Reports on the status of a Wanaka landfill will be publicly released this week when Queenstown Lakes District Council chief executive Duncan Field has read and taken advice on them.
The reports cover land ownership and resource consent compliance.
"The landfill tenure is confused. There was supposed to be a subdivision and there is a chain of transactions. An independent commissioner will make a decision in the next few days,'' Mr Field said.
The landfill on Riverbank Rd has attracted complaints from neighbours concerned about its contents and whether it has the potential to contaminate bore water.
Jo Dippie and Angus Gordon want landfill operations to cease until the QLDC and the Otago Regional Council sort out their issues with Wanaka Landfill directors Robert Duncan and Phil Dunstan.
Mr Field said the QLDC could not order the company to cease activities because the council was not in a position to issue a compliance warrant.
"We don't know what authorities they have got,'' he said.
Ms Dippie has offered to buy the landfill land because the councils have not been able to settle the chain of transactions between the councils and Wanaka Landfill Ltd.

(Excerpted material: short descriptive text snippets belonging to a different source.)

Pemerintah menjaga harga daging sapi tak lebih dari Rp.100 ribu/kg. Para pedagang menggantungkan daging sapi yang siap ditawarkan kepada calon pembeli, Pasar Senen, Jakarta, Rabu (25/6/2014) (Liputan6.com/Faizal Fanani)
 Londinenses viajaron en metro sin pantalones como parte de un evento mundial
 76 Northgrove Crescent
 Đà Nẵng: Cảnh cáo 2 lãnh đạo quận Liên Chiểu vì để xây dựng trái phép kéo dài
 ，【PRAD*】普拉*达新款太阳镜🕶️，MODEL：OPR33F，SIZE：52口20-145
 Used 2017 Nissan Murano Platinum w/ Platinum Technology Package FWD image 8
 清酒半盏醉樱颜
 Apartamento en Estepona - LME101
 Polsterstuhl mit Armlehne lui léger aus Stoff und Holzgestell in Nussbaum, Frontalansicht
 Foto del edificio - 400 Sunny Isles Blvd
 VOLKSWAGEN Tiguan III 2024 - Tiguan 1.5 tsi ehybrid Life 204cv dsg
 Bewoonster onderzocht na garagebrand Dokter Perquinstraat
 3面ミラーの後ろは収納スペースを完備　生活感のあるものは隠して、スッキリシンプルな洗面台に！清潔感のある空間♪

Mr Field said the council could not accept Ms Dippie's offer because the contracts had been signed in 1999, money had been paid over and possession had been given.
The title deeds are not yet in the QLDC's name but he hoped for a settlement between the three parties soon. The stumbling block was the incomplete subdivision of Otago Regional
Council land near the Cardrona River, Mr Field said. He had spoken to the ORC and the ORC had a "very clear view'' about what was allowed to go into the landfill, with particular concerns resting on liquid waste from concrete trucks.
Until he had considered the reports, Mr Field could not explain why there had been delays in settling the transactions and determining what activities could take place.